In 1985, Nyamgavaa returned to Ulaanbaatar and became the artistic director of the Youth and Children's Theater, where he stayed until 2006. He began choosing works by Mongolian playwrights who were questioning communist ideology. They were so popular that the communist government was reticent to interfere in their production. He produced or directed over fifty plays, including many by top Mongolian playwrights. Notable were his productions of Love for Love (Mongolian: Хайрыг хайрла жүжиг) by Darmaa Batbayar (Mongolian: Дармын Батбаяр), Princess (Mongolian: Эрх гүнж) by Dorj Garmaa (Mongolian: Доржийн Гармаа), and works by journalist and playwright Tserendorjiin Baldorj (Mongolian: Ц.Балдорж сэтгүүлчийн): Raven (Kheree, Mongolian: Хэрээ) and The Wicked Women (Mongolian: Эмсүүд). Famous Mongolian actress Oidovjamts Enkhtuul (Mongolian: Ойдовжамцын Энхтуул) looked back on her role in Raven: “I had so many good roles, but the character in this play was my favorite.” Baldorj credited Nyamgavaa for his career in the arts: “It was Nyamgavaa who brought me into the world of drama and cinema. I was thrilled by his world and admired him so much that I bowed down to him.” Nyamgavaa also introduced many western plays to Mongolian audiences. Among the most notable were The Blind by Maurice Maeterlinck, and Talent and Admirers by Alexander Ostrovsky.

Nyamgavaa's return to the Youth and Children's Theater was during a transition in Mongolian culture from communism to democracy, inspired by the Russian Perestroika. Because of his willingness to resist government criticism and censorship, Nyamgavaa was very popular with and inspiring to his fellow artists and those who would head the 1990 revolution. Gombo Zoljargal (Mongolian: (Гомбын Золжаргал ) of the Mongolian National Broadcast, credits Nyamgavaa's direction of Tserendorjiin Baldorj's plays Raven (Kheree, Mongolian: Хэрээ) and The Wicked Women (Mongolian: Эмсүүд) at the Youth and Children's Theatre in the mid-80s with being a wake-up call for the young generation, who began to demand change and support democracy. These two plays were extremely popular, tapping into the desire of Mongolia's youth for a new way of life. So, although democracy did not come to Mongolia until years after the production of these plays, Nyamgavaa and Baldorj's work was inspiring the future leaders of the bloodless 1990 Democratic Revolution (Mongolian: Ардчилсан хувьсгал, Ardchilsan Khuvĭsgal).

He was able to take the Youth and Children's Theatre into the first privately owned theater in Mongolia. He served as its director and owner until 2006 after abandoning hundreds of actors and theatre staff with taxation documentation. Due to his unfair privatization of the theatre, negative attitude among peers and unpaid state-backed education loans for his daughters, he is widely seen negatively in the Mongolian public.

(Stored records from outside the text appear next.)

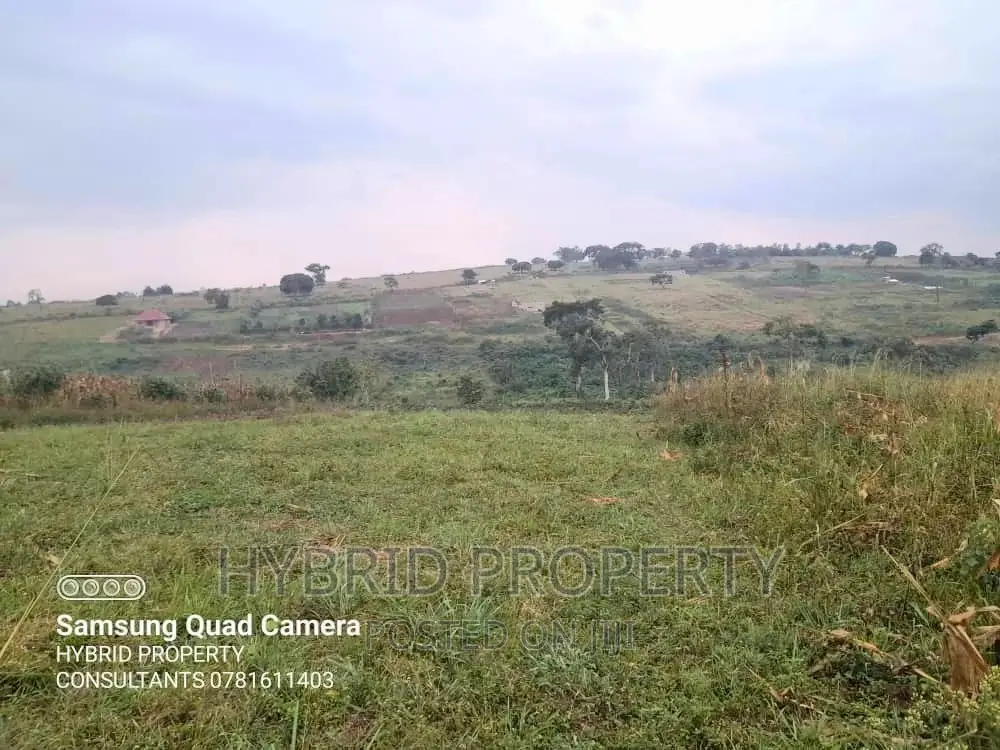 Prime Plots For Sale At Bujjuko Phase Iii Estate~Mityana Rd.
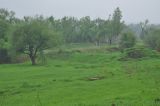 Image of landscape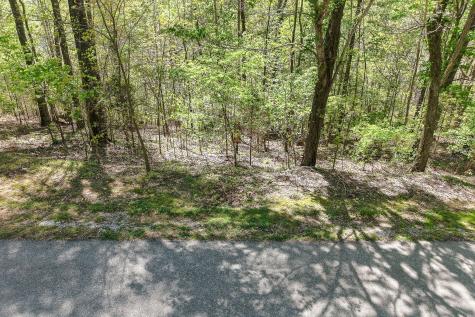 0 Coventry Way Smithville TN 37166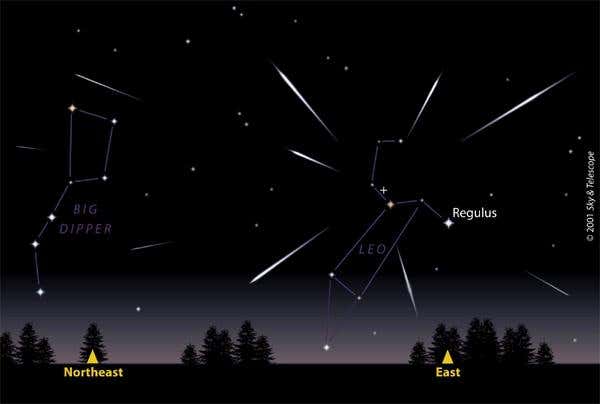 New Scientist. Science news and long reads from expert journalists, covering developments in science, technology, health and the environment on the website and the magazine.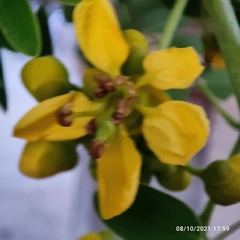 Senna siamea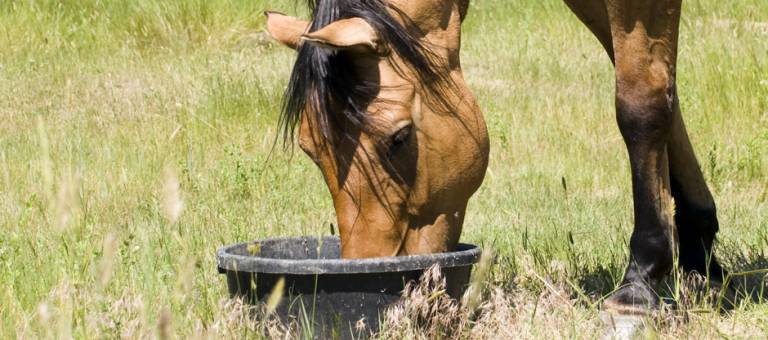 Horse eating from ground feeder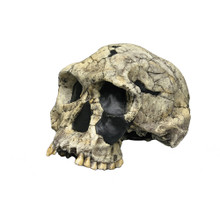 Homo habilis skull, KNM-ER 1813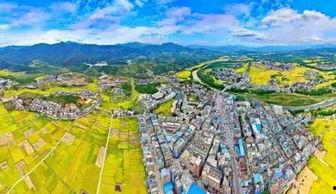 龙圩网红,揭秘网络红人的崛起与影响力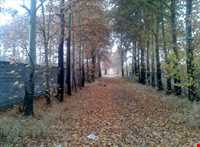 روستای فرخ آباد و زیبادشت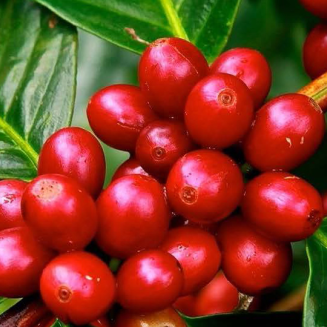 Kawa ziarnista Independent Alliance for Better Coffee Brazil Eagle Monte Carmelo - 2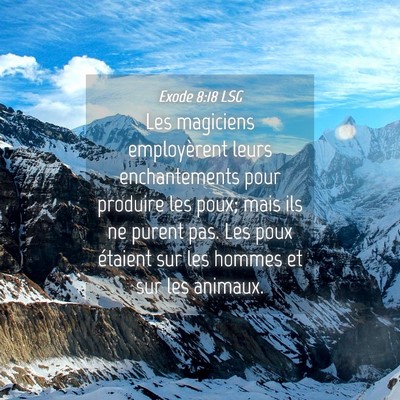 Picture 04 - Exode 8:18 LSG - Les magiciens employèrent leurs enchantements - Bible Verse Picture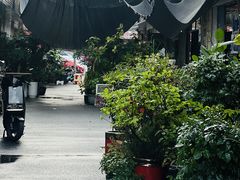 -南汇花鸟市场(上海浦东新花卉店)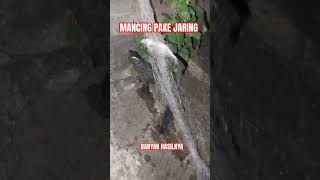 MANCING PAKE JARING HASILNYA BANYAK,, MANTAP!!! #mancingjaring #jaring #mancing #jala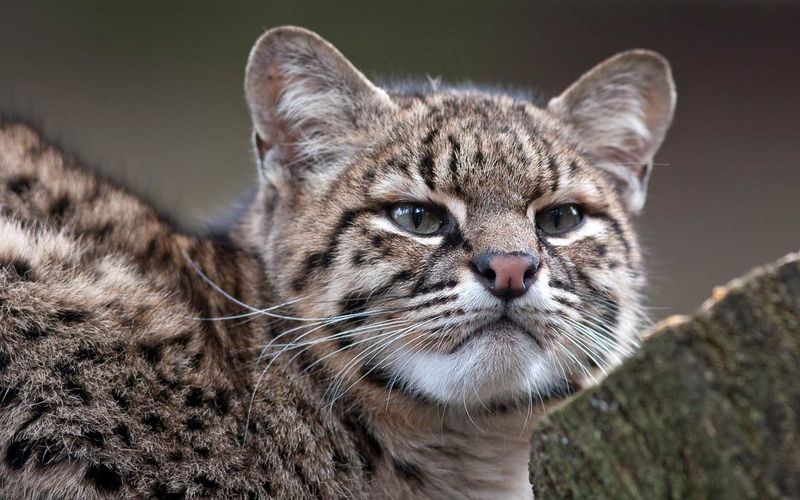 Geoffroy's Cat (Leopardus geoffroyi)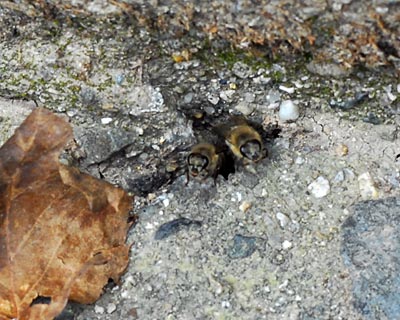 e0035757_18502774.jpg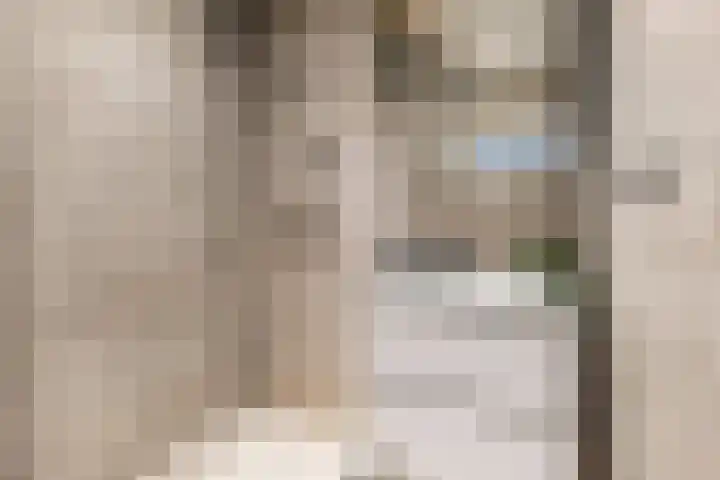 Réaumurlaan 10 2 Utrecht thumbnail 14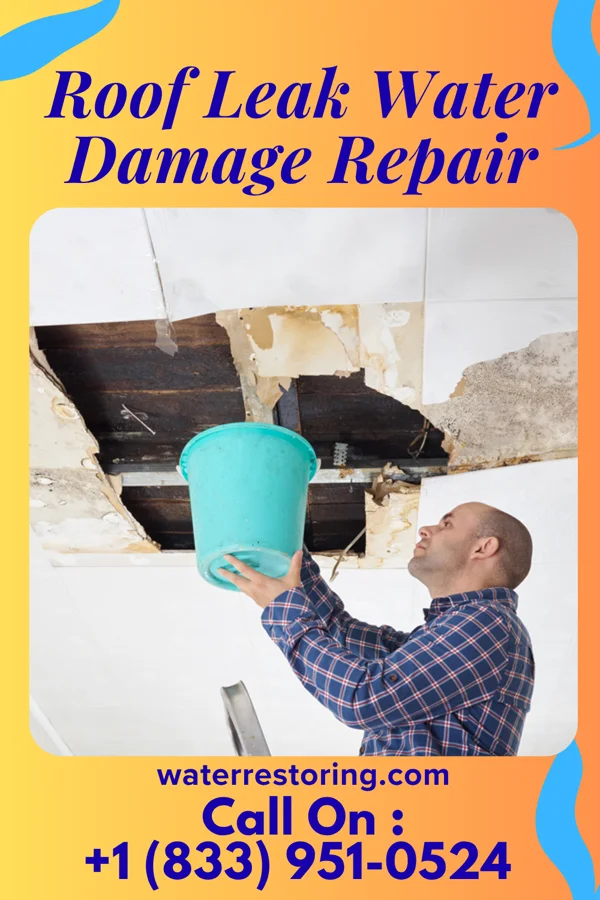Roof Leak Water Damage Repair in Grand Lake Towne, OK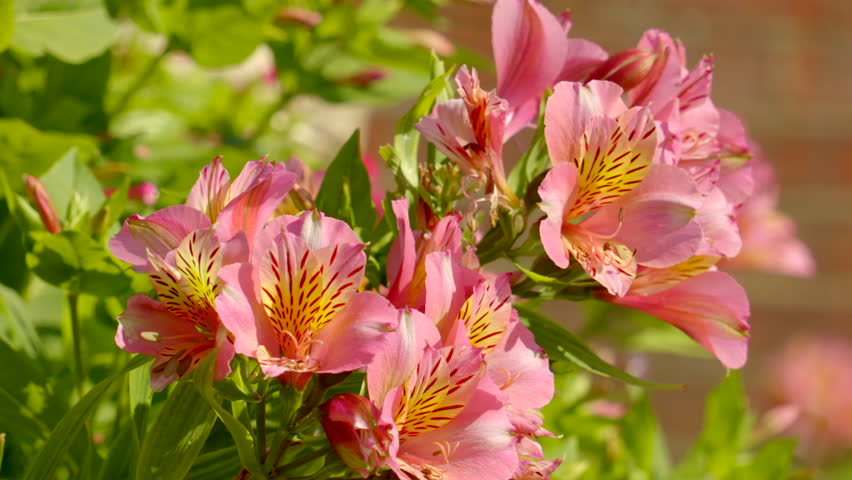 Header of Alstroemeria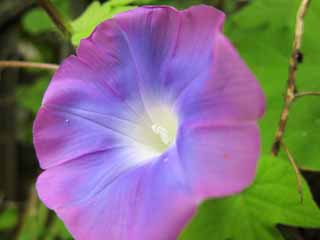 Foto, materiell, befreit, Landschaft, Bild, hat Foto auf Lager,Morning Glory, , , , 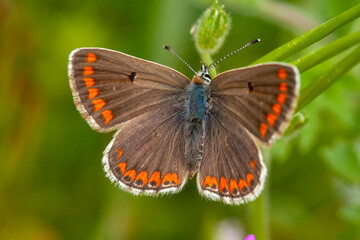 Common Blue butterfly (Polyommatus icarus) perched on a grass stem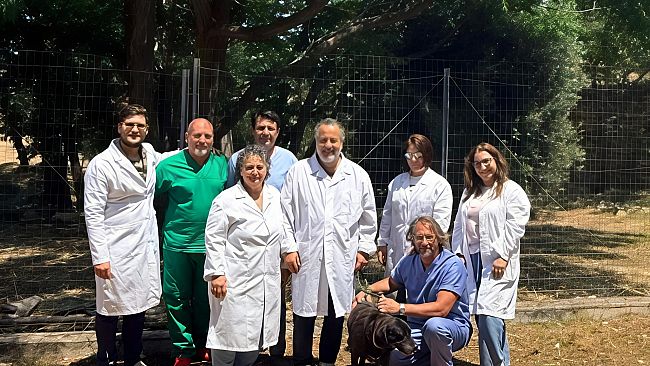 L’Asp Trapani lancia la campagna contro l’abbandono degli animali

== Filmmaking Career (1982-current) ==
Nyamgavaa began his career in filmmaking in 1982 with Five Fingers of One Hand (Mongolian: Гарын таван хуруу), which he wrote and directed based on the play he had adapted from Chadraabal Lodoidamba's work for the Youth and Children's Theater. It was featured in the Moscow International Film Festival. The next year he wrote the screenplay for I Love You (Mongolian: Би чамд хайртай). In the late 1980s, he wrote two films, I Love to Fly (1987; Mongolian: Би нисэх дуртай) and The Best Treasure (1989; Mongolian: Нандин эрдэнэ), which he also directed. He also directed After Telling Story (1987; Mongolian: Үлгэр дууссан хойно).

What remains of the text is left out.